House approves Defense Appropriations Act for FY 2014

The U.S. House of Representatives approved the fiscal year 2014 Defense Appropriations Act on Wednesday, a bill that includes funding for critical security needs and military efforts abroad.

H.R. 2397 provides $512.5 billion in non-war funding, a decrease of $5.1 billion when compared to the FY 2013 enacted level and $3.4 billion below President Obama's request. The bill is approximately $28.1 billion above the current level caused by automatic sequestration spending cuts.

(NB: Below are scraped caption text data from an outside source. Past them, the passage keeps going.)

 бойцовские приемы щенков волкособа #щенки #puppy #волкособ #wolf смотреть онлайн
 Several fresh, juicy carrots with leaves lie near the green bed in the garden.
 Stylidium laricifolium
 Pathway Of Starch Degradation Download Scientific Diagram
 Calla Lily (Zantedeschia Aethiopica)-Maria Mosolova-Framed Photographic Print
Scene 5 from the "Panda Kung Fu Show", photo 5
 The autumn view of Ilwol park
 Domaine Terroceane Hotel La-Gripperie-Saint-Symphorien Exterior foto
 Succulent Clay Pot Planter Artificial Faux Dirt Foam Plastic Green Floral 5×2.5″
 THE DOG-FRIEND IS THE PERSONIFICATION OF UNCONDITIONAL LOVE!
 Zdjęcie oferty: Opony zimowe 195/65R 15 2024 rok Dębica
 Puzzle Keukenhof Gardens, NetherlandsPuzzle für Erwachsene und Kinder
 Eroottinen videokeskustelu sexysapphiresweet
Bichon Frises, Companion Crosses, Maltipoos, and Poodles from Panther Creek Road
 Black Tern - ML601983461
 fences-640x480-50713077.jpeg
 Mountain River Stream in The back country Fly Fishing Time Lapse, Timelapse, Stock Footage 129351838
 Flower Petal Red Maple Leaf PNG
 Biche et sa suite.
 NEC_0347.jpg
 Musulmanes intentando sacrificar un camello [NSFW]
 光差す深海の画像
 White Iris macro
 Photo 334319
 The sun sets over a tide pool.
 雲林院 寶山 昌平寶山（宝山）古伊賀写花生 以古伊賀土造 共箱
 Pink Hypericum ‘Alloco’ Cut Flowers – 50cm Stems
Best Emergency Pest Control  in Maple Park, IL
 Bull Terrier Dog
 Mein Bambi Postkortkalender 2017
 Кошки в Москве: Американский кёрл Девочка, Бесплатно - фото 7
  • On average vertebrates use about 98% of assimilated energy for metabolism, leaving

"It is always important to remember that our freedom isn't free; our liberties, our rights, and our property are preserved by our national defense - but at a cost," Rep. Hal Rogers (R-Ky.), the chairman of the appropriations committee, said. "We've already seen the distressing toll that the heavy-handed, indiscriminate cuts of sequestration have taken on our military, leading to a loss of readiness of our troops and risking our national security."

Approved amendments to the bill include the prohibition of funds from being used to reduce U.S. nuclear forces under the New Strategic Arms Reduction Treaty, the prevention of funds from being used to reduce strategic delivery systems in contravention of the Arms Control and Disarmament Act and the prohibition of funds to conduct an environmental impact study on intercontinental ballistic missiles.

Rogers praised the passage of the bill for its balance between cost-cutting and military support.

"I applaud the passage of this important bill, which strikes a balance between fiscal responsibility and sufficient support for our military," Rogers said. "With this legislation, precious funds are prioritized to advance our missions abroad, to prepare and equip our troops, and to ensure the readiness and effectiveness of our military."

The bill also includes $85.8 billion in war funding for use in Overseas Contingency Operations.